You are on page 1of 1

The biggest reason for rejecting materialism is the notion that mental states are multiply realisable.

If a silicon painmaker could both function and feel like ordinary pain, which is realised, not by silicon states, but by a certain kind of brain state, then pain can't be identified with that brain state. Ah, but I beg to differ. Artificial hearts function like ordinary hearts, and may even feel the same to those who have them. For an amputee, a prosthesis functions, in important respects, like the missing limb. Otherwise it wouldn't be a prosthesis. Now some prostheses are better than others.

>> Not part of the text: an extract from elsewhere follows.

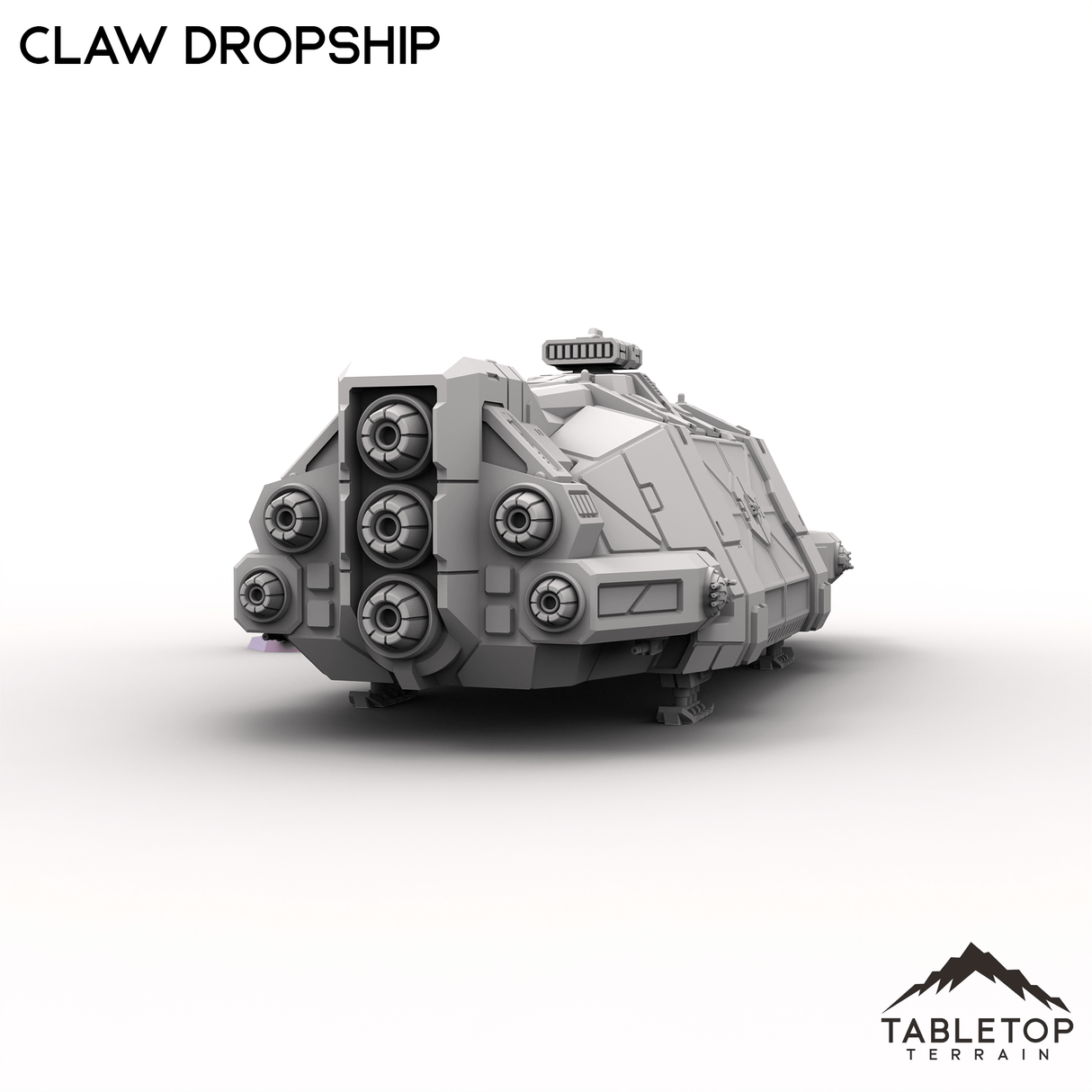 Tabletop Terrain Vehicle Claw Dropship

A perfect prosthesis would function just as well as an ordinary limb, if not better, and feel just the same. Likewise for the function and feel of the painmaker. Indeed, if the function were performed perfectly, it would determine an identical feel. What's the point of these analogies? Simply this. Artificial hearts aren't hearts and prostheses aren't limbs. They're synthetic versions of natural things. By analogy, painmaker pain feels just like the real thing. But it's not natural. So it's not pain. It's artificial pain. Because it's "pain", not pain, that the painmaker makes, there may yet be a single, physical, neural type that pain maps onto. In other words, the prospect of artificial mental states, in natural minds or otherwise, doesn't rule out the natural identity of mind and brain.